A booking is technically for a night (even if they arrive earlier).
So if the 8th is free, that night can be booked.
It can also be a check-out day if for ex. the previous night (in this case the 7th was booked).
If you're taking a day off and don't want any guests at all on Saturday, you block not only the Saturday but also Friday to prevent that night being booked. A check out on Friday morning is still possible though.
@Lawrence21 , I confirm! it just got messed up here in the thread a bit because some people are confusing the confirmation email we get from Airbnb, where it lists check in and check out day just like a hotel does - with the actual nights spent and paid for, which is what your clendar and your payments reflect. So if it says in the confirmation email that check in is friday... check out is Sunday, then the guest is only staying and paying for two nights, Friday and Saturday. Simple enough, your blocked out calendar days for a specific guest will confirm this. Any day that is available on you calendar is a day a guest pays for, the checkout date is the following day.
It might get a little tight if you have a late check out time and early check in time. then, if you have someone arriving on the check out date of the previous guest, you might have to scramble to clean up in between. For that reason, I don't allow same day bookings and I also have one day before and after a stay blocked out in my booking settings. gives me peace of mind.
The exact same happened to us. Check out is the day after. I still cannot understand that it is mot made clearer by Airbnb...
Why doesn't AirBnB sort out this silly confusion by making the would-be guest SPECIFY HOW MANY NIGHTS THEY ARE GOING TO STAY??
Agreed, Garth. This is ridiculous. Something so simple -- yet it is not in the FAQ. Maddening. It should be done like a hotel, or a real life B&B, and that's it.
I agree, this is unnecessarily confusing and airbnb should have a UX solution to sort this out. I have the exact same question and if what most everyone is saying is correct, Airbnb handles this differently than all other hotel sites.
Traditionally a traveler will select their check-in and check-out dates; i.e. check in 1/1 and check out 1/4 would be a 3 night stay. However on Airbnb's calendar hosts select days that are available to stay over that night, which is why the last day shows a price on it. The guest would actually be checking out the next day which is a day that shows the property as unavailable on the host's calendar.
Airbnb does this, and other crazily confusing UI things, on purpose I am afraid. They pretend to be helpful but on all the little stuff make it crazy -- all basically on the side of people booking. Price too high? We just lowered it! FTFY! Oh, you didn't mean to turn on Instant Booking? Well, we did it anyway. Oh, booked that for an extra day? Oh well. Can't cancel on a guest? Really, but the guest secretly still can right up until the day of staying? Wow! The smaller the issue, the greater the chance it is not as advertised on Airbnb. Airbnb does not care what you charge for your place, so they are constantly hounding users to lower their rates. Not so good for the renter, but obviously increases total bookings.

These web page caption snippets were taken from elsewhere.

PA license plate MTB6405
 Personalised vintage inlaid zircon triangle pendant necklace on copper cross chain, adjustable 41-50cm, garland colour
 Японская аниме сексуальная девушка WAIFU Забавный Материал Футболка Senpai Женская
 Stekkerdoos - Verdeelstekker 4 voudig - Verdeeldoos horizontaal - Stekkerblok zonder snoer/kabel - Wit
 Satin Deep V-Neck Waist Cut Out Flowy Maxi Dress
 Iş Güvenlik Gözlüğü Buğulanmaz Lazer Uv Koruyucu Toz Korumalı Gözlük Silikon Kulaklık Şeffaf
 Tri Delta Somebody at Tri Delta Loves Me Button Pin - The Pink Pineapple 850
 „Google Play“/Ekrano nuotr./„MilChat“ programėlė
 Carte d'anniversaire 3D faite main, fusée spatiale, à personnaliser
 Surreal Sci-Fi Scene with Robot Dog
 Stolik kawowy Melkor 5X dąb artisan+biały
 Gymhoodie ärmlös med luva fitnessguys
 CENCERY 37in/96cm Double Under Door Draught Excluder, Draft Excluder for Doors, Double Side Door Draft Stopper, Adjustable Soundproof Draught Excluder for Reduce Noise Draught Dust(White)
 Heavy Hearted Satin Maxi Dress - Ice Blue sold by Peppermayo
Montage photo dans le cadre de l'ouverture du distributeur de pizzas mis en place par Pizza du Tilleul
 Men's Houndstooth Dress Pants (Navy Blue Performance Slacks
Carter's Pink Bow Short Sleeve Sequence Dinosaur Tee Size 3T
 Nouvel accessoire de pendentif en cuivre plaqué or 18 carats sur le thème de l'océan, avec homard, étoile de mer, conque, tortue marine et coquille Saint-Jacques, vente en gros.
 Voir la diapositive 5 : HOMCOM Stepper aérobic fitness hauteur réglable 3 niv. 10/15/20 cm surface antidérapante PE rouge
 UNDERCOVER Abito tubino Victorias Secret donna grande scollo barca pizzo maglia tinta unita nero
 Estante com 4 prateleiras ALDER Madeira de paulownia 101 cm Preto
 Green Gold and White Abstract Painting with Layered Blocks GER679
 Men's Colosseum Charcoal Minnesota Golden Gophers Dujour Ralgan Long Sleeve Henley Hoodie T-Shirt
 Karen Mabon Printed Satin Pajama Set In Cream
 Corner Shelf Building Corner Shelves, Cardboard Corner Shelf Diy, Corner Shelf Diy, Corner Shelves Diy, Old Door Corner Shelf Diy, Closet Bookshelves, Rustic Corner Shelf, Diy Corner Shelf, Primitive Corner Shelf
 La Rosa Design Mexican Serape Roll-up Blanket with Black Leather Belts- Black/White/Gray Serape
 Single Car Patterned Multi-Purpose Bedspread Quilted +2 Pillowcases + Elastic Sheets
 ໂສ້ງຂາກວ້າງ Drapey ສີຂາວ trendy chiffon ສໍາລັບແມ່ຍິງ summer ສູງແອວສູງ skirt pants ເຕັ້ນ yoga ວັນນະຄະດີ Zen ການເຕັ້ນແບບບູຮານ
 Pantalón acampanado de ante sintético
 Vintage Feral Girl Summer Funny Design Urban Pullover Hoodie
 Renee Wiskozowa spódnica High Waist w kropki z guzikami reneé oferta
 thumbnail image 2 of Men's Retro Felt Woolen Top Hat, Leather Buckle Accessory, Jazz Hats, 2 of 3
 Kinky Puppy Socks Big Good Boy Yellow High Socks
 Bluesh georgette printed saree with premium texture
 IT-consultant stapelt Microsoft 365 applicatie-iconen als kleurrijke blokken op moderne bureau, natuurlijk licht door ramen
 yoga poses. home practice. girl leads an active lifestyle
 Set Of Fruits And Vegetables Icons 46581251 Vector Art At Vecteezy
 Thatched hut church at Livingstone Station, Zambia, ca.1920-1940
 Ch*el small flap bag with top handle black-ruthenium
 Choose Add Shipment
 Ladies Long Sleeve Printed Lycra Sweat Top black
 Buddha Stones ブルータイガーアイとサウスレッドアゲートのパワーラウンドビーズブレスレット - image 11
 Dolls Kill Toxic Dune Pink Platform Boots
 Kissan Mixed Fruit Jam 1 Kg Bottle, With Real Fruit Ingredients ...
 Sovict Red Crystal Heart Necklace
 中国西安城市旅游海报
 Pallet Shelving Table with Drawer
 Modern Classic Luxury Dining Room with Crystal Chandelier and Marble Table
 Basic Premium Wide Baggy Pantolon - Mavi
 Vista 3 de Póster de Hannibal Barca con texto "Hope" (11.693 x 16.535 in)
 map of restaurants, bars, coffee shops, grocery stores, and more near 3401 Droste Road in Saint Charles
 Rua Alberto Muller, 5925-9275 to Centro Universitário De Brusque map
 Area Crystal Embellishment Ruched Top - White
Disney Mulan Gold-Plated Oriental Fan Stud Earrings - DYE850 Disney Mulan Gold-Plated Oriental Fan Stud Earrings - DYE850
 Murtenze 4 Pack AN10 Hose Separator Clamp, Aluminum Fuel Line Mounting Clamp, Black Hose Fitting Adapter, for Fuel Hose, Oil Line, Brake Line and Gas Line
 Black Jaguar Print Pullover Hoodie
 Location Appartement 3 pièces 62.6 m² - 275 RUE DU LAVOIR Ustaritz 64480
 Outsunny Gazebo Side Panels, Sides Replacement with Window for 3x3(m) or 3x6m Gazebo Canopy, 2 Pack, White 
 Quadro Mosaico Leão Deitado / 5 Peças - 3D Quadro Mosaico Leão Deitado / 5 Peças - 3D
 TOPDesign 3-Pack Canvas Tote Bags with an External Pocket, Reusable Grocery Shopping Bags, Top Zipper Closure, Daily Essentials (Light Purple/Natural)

What is really confusing is that the way the blocked periods are shown visually in the host calendar when showing a blocked start date that is inherited from a linked calendar. Why is it shown is a different way from a blocked period created in AirBNB? It's probably a bug in their system.
Visiually it looks like the entire morning, day and night is blocked.
This makes it look like you cannot have a guest check out on the morning before a new guest arrives.
Come on AirBNB, fix it!
YES!!! Then the correct person will be paying for that night! The one checking in!!!
Not the one having coffee, cleaning, packing and leaving!!
Just ran in to this issue as well. Super confusing that the hosting calendar is "days including that night", and doesn't just map to check-in/check-out.